(Web page caption snippets)
******
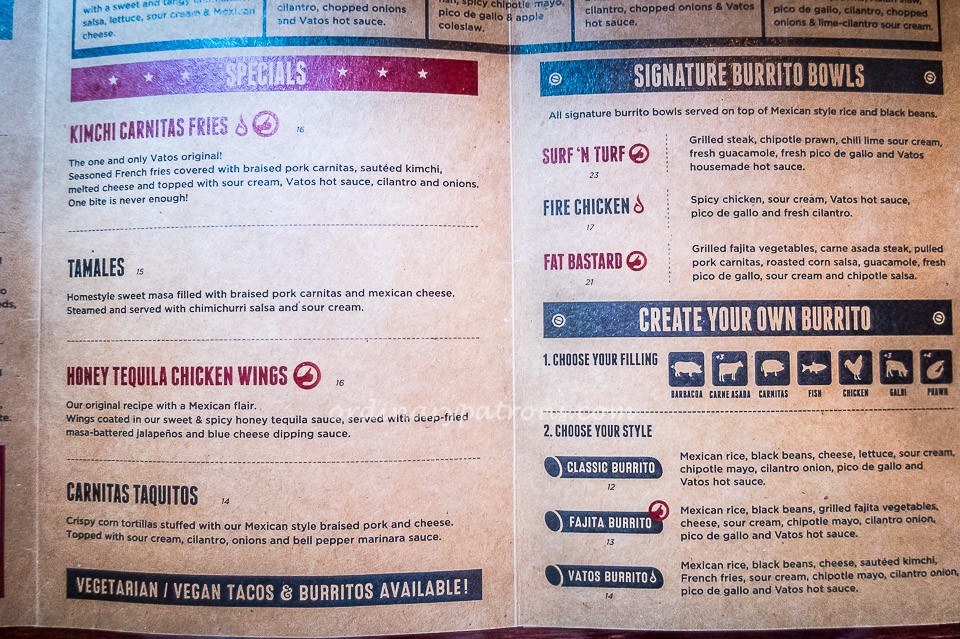 Vatos Urban Tacos Menu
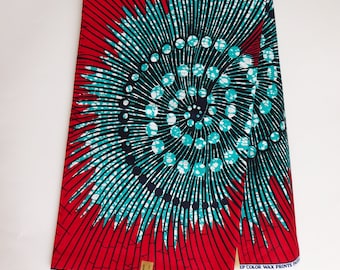 Red & Blue Circle African Wax Print Fabric - Ankara Cotton Material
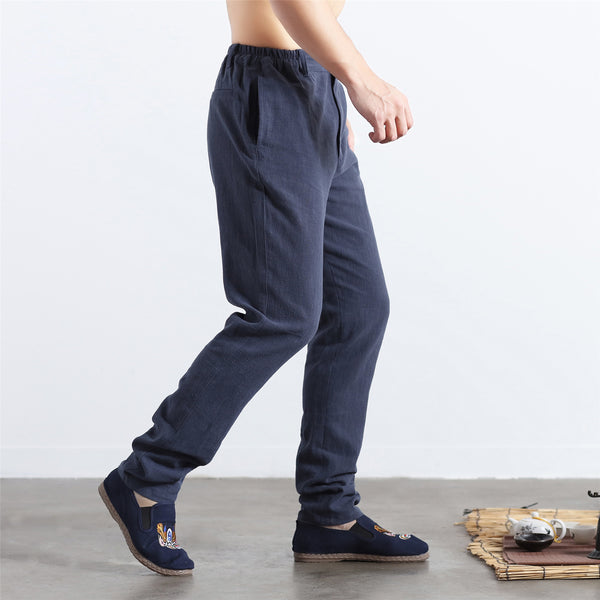 30% Sale!!! Men Pure Color Cotton and Linen Straight Type Jogger Pants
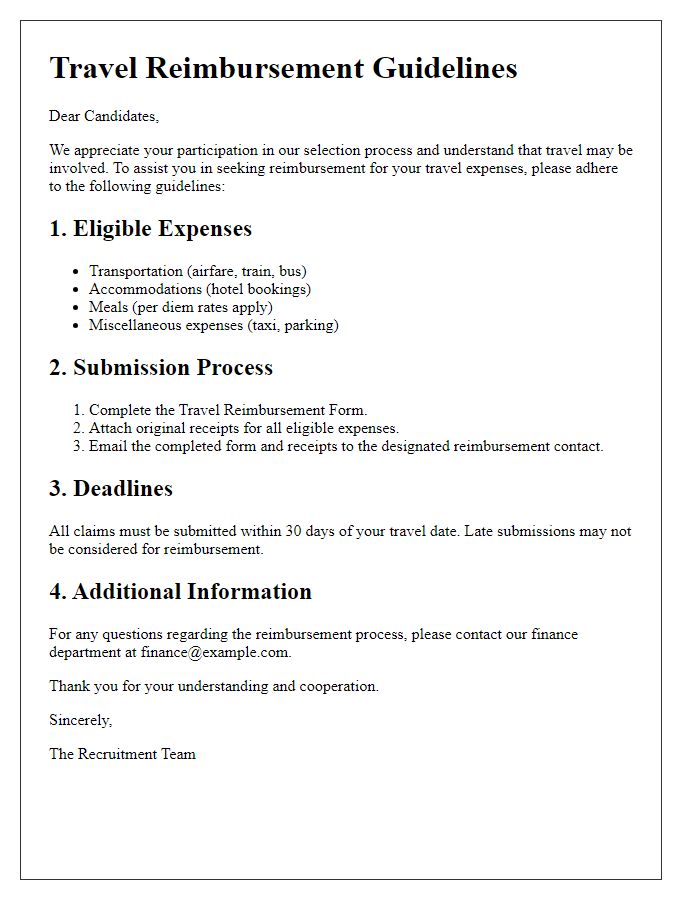 Letter template of guidelines for candidates seeking travel reimbursement.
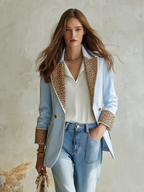 Resort-style Leopard Print Long-sleeved Lapel Blazer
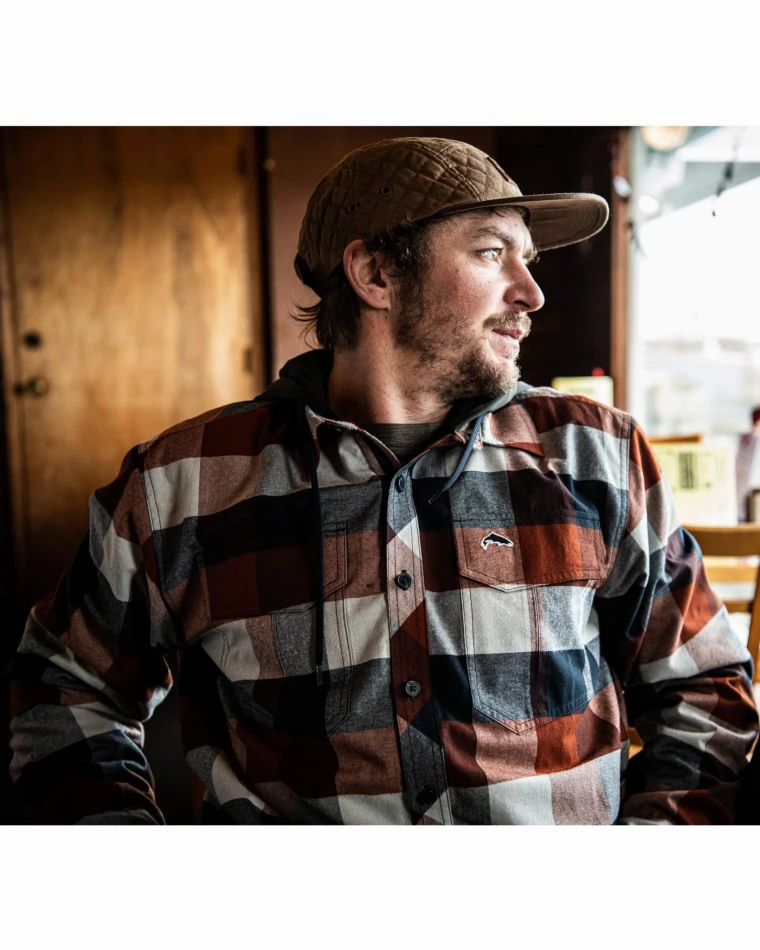Simms Coldweather Hoody: kolor: 617 - Rusty Red-Buffalo Plaid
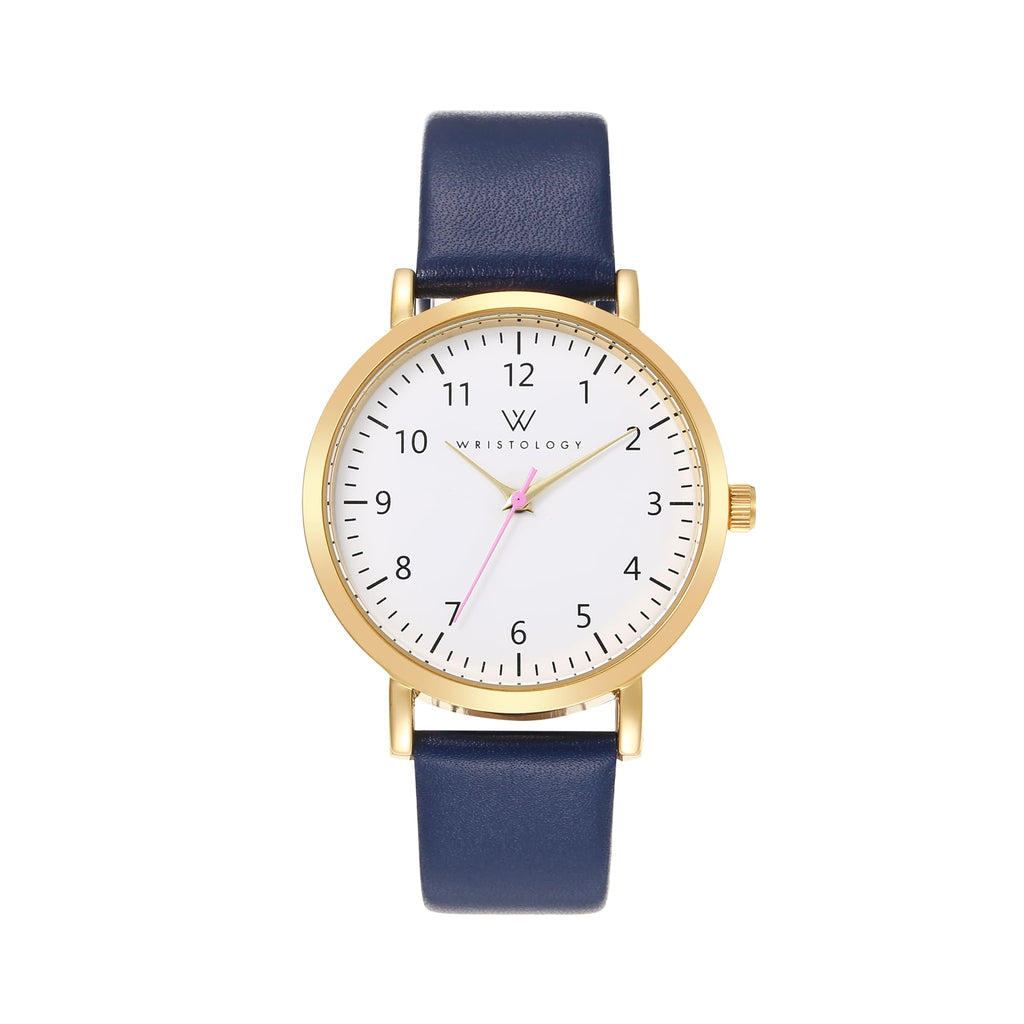 Olivia Numbers Leather Watch in Gold with Navy leather band, 38mm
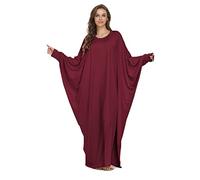 Femmes Robe Musulmane Manches Chauve Souris Couleur Unie Col Rond Décontracté Longue Robe Dubaï Moyen Orient Arabe Dames Robe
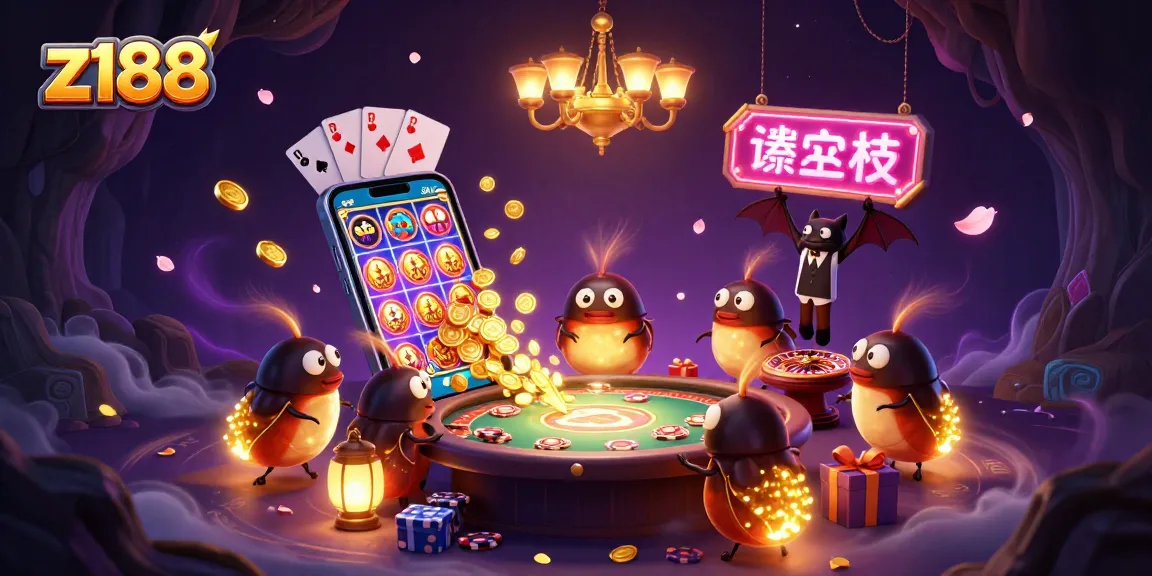 Z188 casino scene with glowworms lighting up a vibrant 3D cave, showcasing fun slots and gaming elements.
******
▶ WORK REQUEST
Print the records above exactly, minus pictures.

▶ TASK ANSWER
 Vatos Urban Tacos Menu
 Red & Blue Circle African Wax Print Fabric - Ankara Cotton Material
 30% Sale!!! Men Pure Color Cotton and Linen Straight Type Jogger Pants
 Letter template of guidelines for candidates seeking travel reimbursement.
 Resort-style Leopard Print Long-sleeved Lapel Blazer
Simms Coldweather Hoody: kolor: 617 - Rusty Red-Buffalo Plaid
 Olivia Numbers Leather Watch in Gold with Navy leather band, 38mm
 Femmes Robe Musulmane Manches Chauve Souris Couleur Unie Col Rond Décontracté Longue Robe Dubaï Moyen Orient Arabe Dames Robe
 Z188 casino scene with glowworms lighting up a vibrant 3D cave, showcasing fun slots and gaming elements.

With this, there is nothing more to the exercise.